Primitive roots, specifically of 18

[abertram28]

this problem is annoying. I've found that the primitive roots of 9 are 2 and 5. since 2|18 it can't be a root. i know via some theorems in my book that if 5 is a primitive root of 3, then its a primitive root of 3^k, and also of 2*3^k.

sorry about not using latex, shouldn't need it for this one though, it won't be too messy I am sure.

so the second one, i know i can find by brute force, but id like something more elegant. i know there are only phi of phi of 18, or 2, primitive roots.

i know also by table lookup that the second one of 18 is 11.

do i need to start with the gcd(a,18) list and just eliminate ones until i can't eliminate 11? that doesn't seem right, i remember seeing something in class about this, but the teacher said not to record it in notes because it was in the book, but the book only identifies the one, because i think it is always the smallest. or do i just take 2 mod 9 congruent to 11 mod 9, and that's it? sorry if i just missed something plain as day.

 

[Hurkyl]

Bleh, it took a minute to figure out about what you're talking.

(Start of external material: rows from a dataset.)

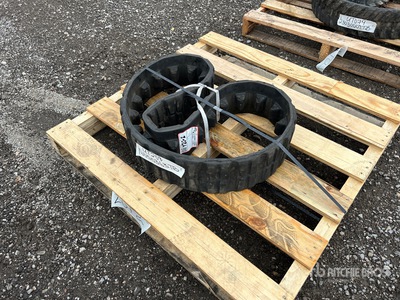 149 x 88 x 28 Rubber Tracks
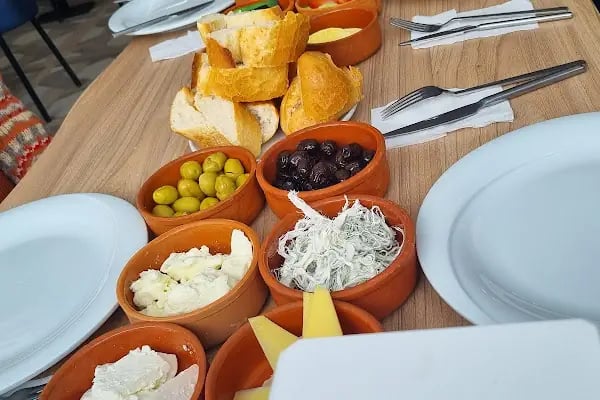 Bayraktepe Snow Hotel - Resim 19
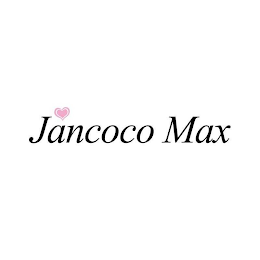 JANCOCO MAX logo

Did you notice that 11 is a primitive root of 9? (and of 3)

 

[thepatientmental]

It seems like you are on the right track in finding the primitive roots of 18. It is true that if a number is a primitive root of a smaller number, it will also be a primitive root of any power of that smaller number. In this case, since 5 is a primitive root of 9, it will also be a primitive root of 18.

To find the second primitive root of 18, you can use the fact that there are only phi(phi(18)) = 2 primitive roots of 18. This means that you can eliminate all the numbers that are not relatively prime to 18 and the remaining numbers will be the primitive roots. So in this case, you can eliminate 2 since it is not relatively prime to 18, leaving only 5 and 11 as the possible primitive roots.

Now, you can use the property that if a number is a primitive root of a prime p, it will also be a primitive root of any multiple of p. Since 5 is a primitive root of 3, it will also be a primitive root of 6 (multiples of 3). Similarly, since 11 is a primitive root of 2, it will also be a primitive root of 12 (multiples of 2).

Therefore, the only possible primitive roots of 18 are 5 and 11. To determine which one is the second primitive root, you can use the fact that if a number is a primitive root of a prime p, it will also be a primitive root of any multiple of p. Since 5 is a primitive root of 3, it will also be a primitive root of any power of 3. This means that 5 will also be a primitive root of 9, 27, 81, etc. However, since we already know that 5 is not a primitive root of 18, we can conclude that 11 must be the second primitive root of 18.

I hope this helps and clarifies your understanding of finding primitive roots of a number. It is a bit of a trial and error process, but using the properties mentioned above can make it more efficient and elegant.